> _What the task requires_
Each line from the one containing "March - Good" through the final line of the data below must be repeated exactly.

> _The data_

○ ○ ○ ○ ○ ○ ○

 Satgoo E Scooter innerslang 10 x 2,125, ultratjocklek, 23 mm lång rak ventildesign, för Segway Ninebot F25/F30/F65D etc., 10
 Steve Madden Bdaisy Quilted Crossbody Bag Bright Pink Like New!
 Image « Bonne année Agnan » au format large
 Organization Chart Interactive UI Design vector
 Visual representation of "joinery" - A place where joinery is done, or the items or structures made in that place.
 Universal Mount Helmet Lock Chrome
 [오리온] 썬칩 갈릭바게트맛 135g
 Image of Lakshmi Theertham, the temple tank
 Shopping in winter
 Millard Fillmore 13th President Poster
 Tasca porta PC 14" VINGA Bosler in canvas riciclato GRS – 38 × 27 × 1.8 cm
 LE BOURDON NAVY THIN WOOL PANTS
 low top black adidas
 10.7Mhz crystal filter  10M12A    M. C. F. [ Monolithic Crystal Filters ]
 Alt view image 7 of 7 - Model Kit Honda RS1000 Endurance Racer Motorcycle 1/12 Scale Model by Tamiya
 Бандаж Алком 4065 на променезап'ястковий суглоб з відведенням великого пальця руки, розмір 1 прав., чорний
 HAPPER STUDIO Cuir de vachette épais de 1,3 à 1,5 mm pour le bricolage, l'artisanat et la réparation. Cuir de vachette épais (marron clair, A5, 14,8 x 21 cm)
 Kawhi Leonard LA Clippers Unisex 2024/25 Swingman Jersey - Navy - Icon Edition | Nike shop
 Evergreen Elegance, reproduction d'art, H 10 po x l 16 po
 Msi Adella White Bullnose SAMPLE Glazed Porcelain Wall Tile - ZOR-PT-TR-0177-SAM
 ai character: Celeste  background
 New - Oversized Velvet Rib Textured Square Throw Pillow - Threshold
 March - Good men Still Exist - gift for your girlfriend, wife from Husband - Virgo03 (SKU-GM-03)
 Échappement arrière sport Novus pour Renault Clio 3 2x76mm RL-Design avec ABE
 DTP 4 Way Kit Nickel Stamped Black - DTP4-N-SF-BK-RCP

○ ○ ○ ○ ○ ○ ○

> _Reply_
 March - Good men Still Exist - gift for your girlfriend, wife from Husband - Virgo03 (SKU-GM-03)
 Échappement arrière sport Novus pour Renault Clio 3 2x76mm RL-Design avec ABE
 DTP 4 Way Kit Nickel Stamped Black - DTP4-N-SF-BK-RCP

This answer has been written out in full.